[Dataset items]
________

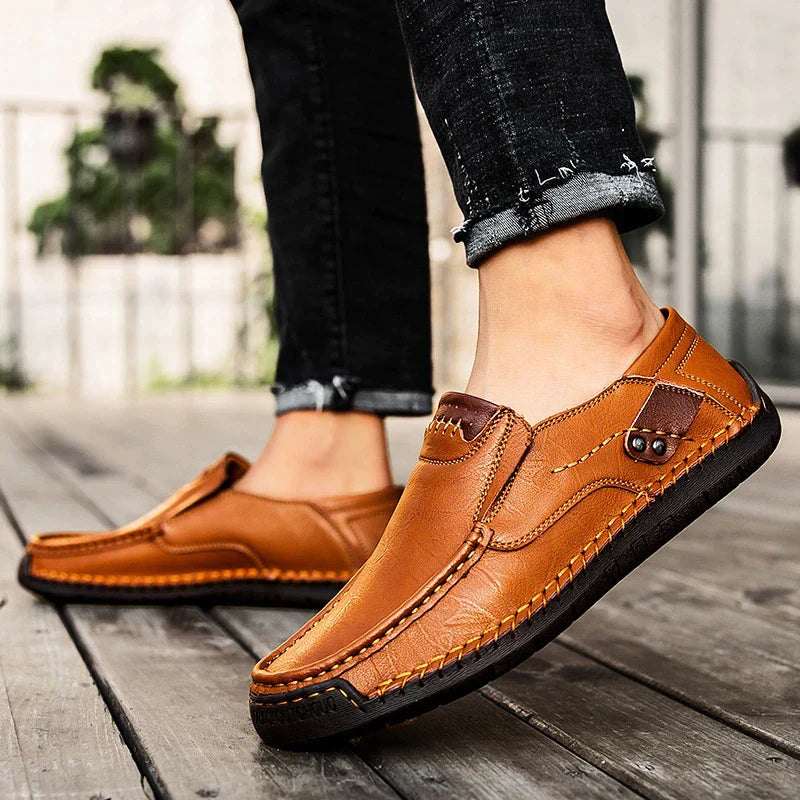 Levoire | Élégant Mocassin Orthopédique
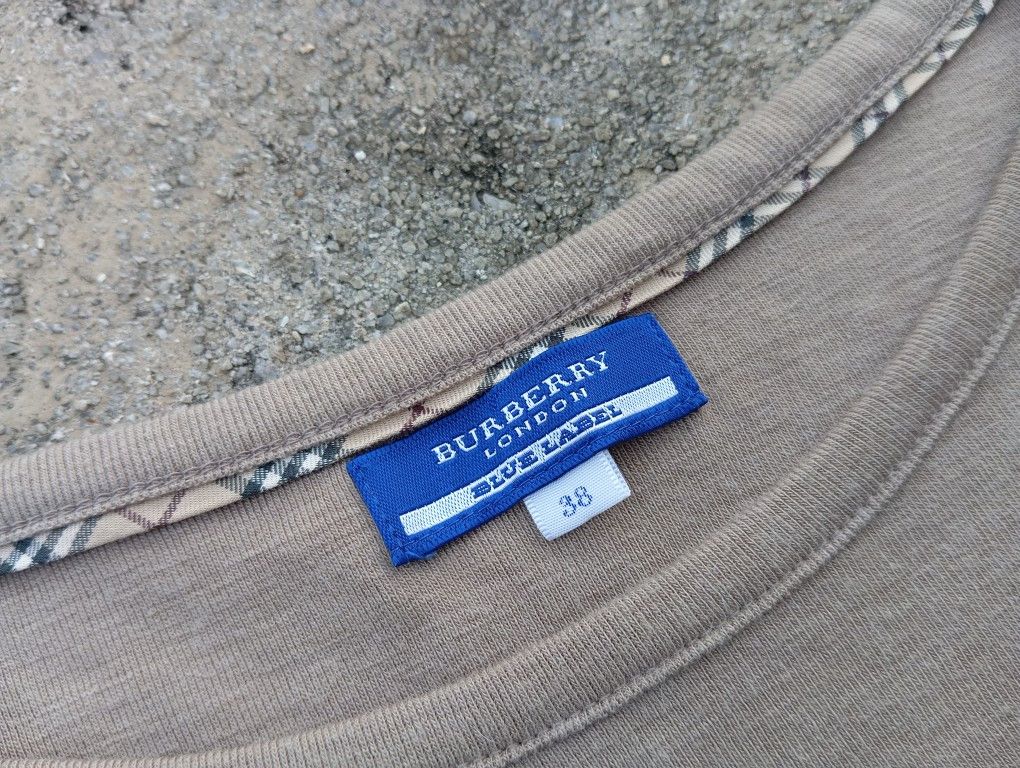 Burberry Burberry Blue Label Japan 🎌 🐎 Tshirt L/S for women 🌹 Size XS / US 0-2 / IT 36-38 - 4 Thumbnail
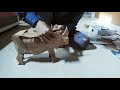 //HOW TO MAKE A RHINO FROM CARDBOARD //RUPJYOTI BURAGOHAIN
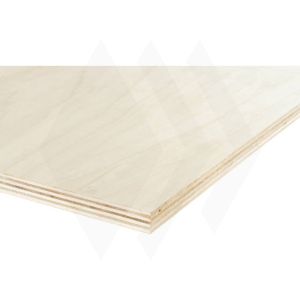 22mm GARNICA populieren multiplex, kwaliteit B/BB onbehandeld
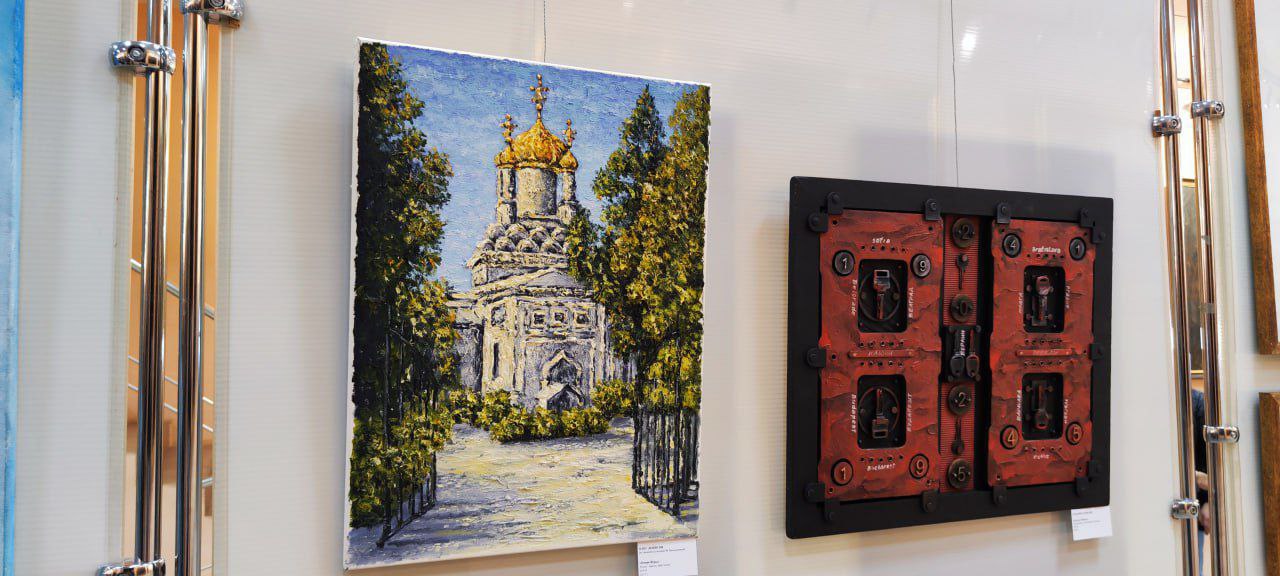 Министр культуры Запорожской области Светлана Назина посетила торжественное событие: Художественный музей имени Исаака Бродского пополнился работами московских художников Министр культуры Запорожской области Светлана Назина посетила торжественное событие: Художественный музей имени Исаака Бродского пополнился работами московских художников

________

▶ _Problem requirements_: Nothing but the lines from the one holding "CARDBOARD //RUPJYOTI BURAGOHAIN" through the final line of the records above belongs in the answer, each retyped exactly; omit the pictures.

▶ _Your solution_:
 //HOW TO MAKE A RHINO FROM CARDBOARD //RUPJYOTI BURAGOHAIN
 22mm GARNICA populieren multiplex, kwaliteit B/BB onbehandeld
 Министр культуры Запорожской области Светлана Назина посетила торжественное событие: Художественный музей имени Исаака Бродского пополнился работами московских художников Министр культуры Запорожской области Светлана Назина посетила торжественное событие: Художественный музей имени Исаака Бродского пополнился работами московских художников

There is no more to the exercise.